Consider the example shown below of a C function (left) that checks whether a character ch
is in lowercase or not. The equivalent version in MIPS is shown on the right. In accordance with the MIPS calling convention, function islower
assumes that the ch
argument is passed in register $a0
. The result of the function is returned in register $v0
.
int islower(char ch) {
if (ch>='a' && ch<='z')
return 1;
else
return 0;
}
islower:
blt $a0, 'a', sinon # branch if $a0 < 'a'
bgt $a0, 'z', sinon # branch if $a0 > 'z'
li $v0, 1 # $v0 = 1
jr $ra # return to caller
sinon:
li $v0, 0 # $v0 = 0
jr $ra # return to caller
To call islower
in MIPS, the caller must first copy the ch
character into the $a0
register, then execute the “function call” with the jal
instruction:
move $a0, ... # copy of character ch into register $a0
jal islower # calling the islower function
. . . # next instruction (returns here after executing islower)
In fact, the MIPS ISA provides a second instruction for calling functions: the jalr
instruction (i.e jump-and-link-register). Indeed, unlike the jal
instruction where the jump address is coded in the instruction itself via a label, the jalr
instruction allows one to call functions whose addresses are stored in registers.
The Stack Segment
When loaded into memory by the operating system, each program has three segments: There is the code segment which contains the machine code instructions, the data segment which includes the program data and constants, and the stack segment which provides a space that can be used by functions. The programmer has no control over the location of these segments in memory.
The stack segment can be used by functions to
- transmit numerous parameters,
- allocate local variables, and
- preserve the content of registers between function calls. Without this segment, it would be “mission impossible” to write nested and/or recursive functions.
In MIPS, when a program is loaded into memory, the operating system initialises the stack-pointer register $sp
(i.e. register $29
) with the address of the stack segement. In fact, the address in $sp
points to the top of the stack. For example, in the MARS simultor, the (initial) value of the stack-pointer $sp
is set to 0x7fffeffc
.
A function can reserve space on the stack to save registers and/or to allocate local variables. This space is called a stackframe To allocate a stackframe of n
bytes, the stack pointer is decremented by n
:
addiu $sp, $sp, -n # allocate n bytes on the stack (note: n is a constant)

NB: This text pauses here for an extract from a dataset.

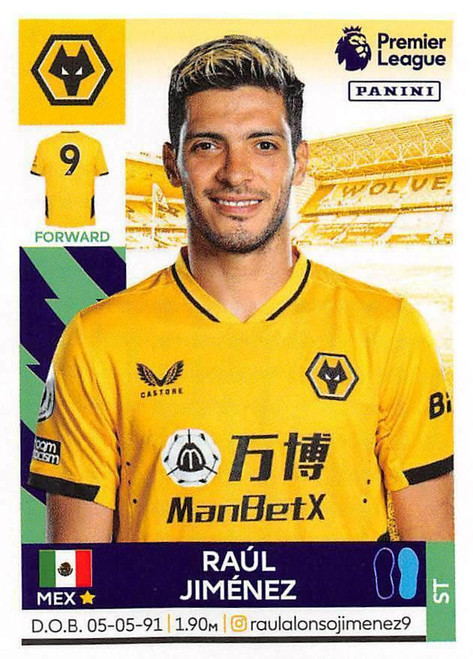 #626 Raul Jimenez (Wolverhampton Wanderers) Panini Premier League 2022 Sticker Collection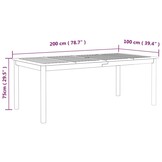 VidaXL Tuintafel Acaciahout 200x100x75 cm Grijs - 35% Korting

To free a stackframe of n bytes, one increments the stack pointer by n
:
addiu $sp, $sp, n # free n bytes from the stack (note: n is a constant)
The figure below illustrates the state of the stack segment before the call, during execution, and after returning from a function call. Initially, the stack register $sp
points to the top of the caller function’s stackframe. Once the call is made, register $sp
is decremented to make space on the top of the stack segment to store the stackframe of the callee function. Finally, when the callee function returns, register $sp
is incremented so that it points again to the stackframe of the caller function, thus freeing the memory allocated on the stack. Note that, the stack segment increases (resp. decreaases) toward lower (resp. higher) memory addresses.
An example of a function f()
that allocates a stackframe is shown below. The function is not final in a sens that it in turn calls other functions read()
, reverse()
and print()
. Therefore, the return address of f()
(i.e. contained in $ra
) must be saved on the stack before calling read()
, reverse()
or print()
. Additionally, the stackframe of f()
must also have space for the local integer array
(10 integer elements = 40 bytes) as shown below.
void f()
{
int array[10];
read(array, 10);
reverse(array, 10);
print(array, 10);
}
The translation of function f()
into MIPS is shown below. The function allocates a stackframe of 44 bytes. The stack-pointer $sp
contains the address of the top of the stack. The stack segment is accessed using the same instructions we use to read or write data to the .data
segment (i.e. instructions lw/sw
and the like). Various offset values are used to access different elements on the stack.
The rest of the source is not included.